A few weeks ago, I was given an opportunity to add InstaLOD Studio XL to my 3D creation pipeline. This is the big brother, standalone version of InstaLOD that is integrated into Character Creator 3. Since that time, I have used it on a few props, accessories and characters mainly using re-meshing versus optimization.
My initial thoughts were along the line of... "How feature-packed can it be? It's a poly cruncher so how many features can it have?"
Turns out... quite a few. The best part being most of the interface and tools are straight forward without the need of a lot of explanation. Over the years I've developed some bad habits by not watching introductory videos or reading documentation... that thing that's called... now what is that again??? Oh, yeah... the manual.
Like a lot of 3D'ers, I am self-taught, self-righteous and don't need no stinking manual to get started. If I do happen across software that requires reading any documentation before jumping in, I place an incredibly high threshold on it just for that factor.
Fair? I think so.
Like a lot of us reading this I've spent decades learning Windows convention so if a developer wants me to spend hours learning "their way" it had better be good. Damn good in fact.
That is just another reason one of my cardinal rules of good software is ease of use... right out the box so to speak.
InstaLOD Studio XL is that type of software. The kind you can just dive into.
If you are using this type of tool then we can ascertain a few things about you. That you are knowledgeable in 3D and quite possibly very proficient at it. That you searched out a tool of this type or at the very least became extremely interested once you became aware of it. Or maybe you are a 3D newb, we all were at one time, and just want your models to skinny up without giving a damn about the nuts and bolts.

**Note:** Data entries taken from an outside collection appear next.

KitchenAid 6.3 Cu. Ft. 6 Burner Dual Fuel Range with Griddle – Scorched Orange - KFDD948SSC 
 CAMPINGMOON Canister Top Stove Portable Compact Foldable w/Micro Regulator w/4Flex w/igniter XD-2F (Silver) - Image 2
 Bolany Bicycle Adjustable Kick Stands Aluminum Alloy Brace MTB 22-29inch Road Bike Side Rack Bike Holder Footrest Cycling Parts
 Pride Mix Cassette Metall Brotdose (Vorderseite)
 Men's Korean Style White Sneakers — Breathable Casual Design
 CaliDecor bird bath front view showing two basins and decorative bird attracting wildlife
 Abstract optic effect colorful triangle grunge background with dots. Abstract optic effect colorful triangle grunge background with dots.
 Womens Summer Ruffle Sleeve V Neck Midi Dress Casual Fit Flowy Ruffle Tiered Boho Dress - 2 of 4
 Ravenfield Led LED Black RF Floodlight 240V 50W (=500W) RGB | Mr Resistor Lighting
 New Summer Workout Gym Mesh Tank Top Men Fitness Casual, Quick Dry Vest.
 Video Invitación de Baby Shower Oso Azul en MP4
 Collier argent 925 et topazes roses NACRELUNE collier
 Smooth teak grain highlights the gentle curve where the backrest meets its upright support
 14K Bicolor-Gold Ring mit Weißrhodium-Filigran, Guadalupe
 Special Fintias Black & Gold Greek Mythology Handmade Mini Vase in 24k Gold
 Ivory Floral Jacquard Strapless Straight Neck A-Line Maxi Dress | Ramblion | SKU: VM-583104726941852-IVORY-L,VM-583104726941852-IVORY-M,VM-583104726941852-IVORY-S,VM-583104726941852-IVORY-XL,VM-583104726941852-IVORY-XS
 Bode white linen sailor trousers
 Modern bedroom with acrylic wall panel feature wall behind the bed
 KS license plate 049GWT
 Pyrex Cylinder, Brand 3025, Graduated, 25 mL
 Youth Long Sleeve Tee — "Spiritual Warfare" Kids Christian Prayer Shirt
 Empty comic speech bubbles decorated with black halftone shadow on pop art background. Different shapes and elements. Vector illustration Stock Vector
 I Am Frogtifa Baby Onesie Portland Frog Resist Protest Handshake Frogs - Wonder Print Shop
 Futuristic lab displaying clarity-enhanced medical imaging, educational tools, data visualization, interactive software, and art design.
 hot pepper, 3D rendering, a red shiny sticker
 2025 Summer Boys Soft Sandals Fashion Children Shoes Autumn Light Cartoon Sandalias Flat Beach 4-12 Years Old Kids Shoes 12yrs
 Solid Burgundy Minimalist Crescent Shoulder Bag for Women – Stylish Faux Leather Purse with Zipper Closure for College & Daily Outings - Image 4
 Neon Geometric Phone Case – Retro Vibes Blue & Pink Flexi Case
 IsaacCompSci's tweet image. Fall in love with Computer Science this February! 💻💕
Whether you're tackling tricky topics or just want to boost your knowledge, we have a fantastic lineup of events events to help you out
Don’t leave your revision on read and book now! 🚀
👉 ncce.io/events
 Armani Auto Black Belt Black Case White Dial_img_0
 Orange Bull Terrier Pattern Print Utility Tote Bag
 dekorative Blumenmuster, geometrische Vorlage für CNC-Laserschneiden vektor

Those of us that have grown up with 3D, particularly gaming, have spent a lot of our careers in low poly work. Those fantastic characters we seen in still image renders, created with flowing robes, long hair and grand beards were only a dream to us for most of our career.
Sure, we could make a great looking 2D or 3D image renders, but we couldn't animate with them. Too heavy for real-time.
Starting off in high poly and working our way down was tedious but necessary. Our end result never looked as good as the high poly prototype. After a while we started working with a low poly mindset from the very beginning and for some us... that is where our creativity bottomed out.
Starting off in low poly, staying low poly is a buzz kill but a faster turnaround. The joy of creation was lost because of the necessary compromises for a real-time environment. You want to give them a bitchin' sword and shield but the poly budget won't allow it. Buzzkill. You want them to have flowing hair and beards but real-time wouldn't allow it at all back then. Buzzkill. You want to add some period jewelry but you are already near the top of your poly budget. Buzzkill, buzzkill, buzzkill.
Not exactly an environment that induces creativity.
Since adding InstaLOD Studio XL to my pipeline I no longer have to be so stringent in low poly worries as I learn the breadth and the width of this poly cruncher with its amazing ability to retain form while drastically leaning weight.
If ease of use is number one in general terms then leaning my models to less than 10 percent while retaining the form and most of the features is number one on my list for poly crunchers.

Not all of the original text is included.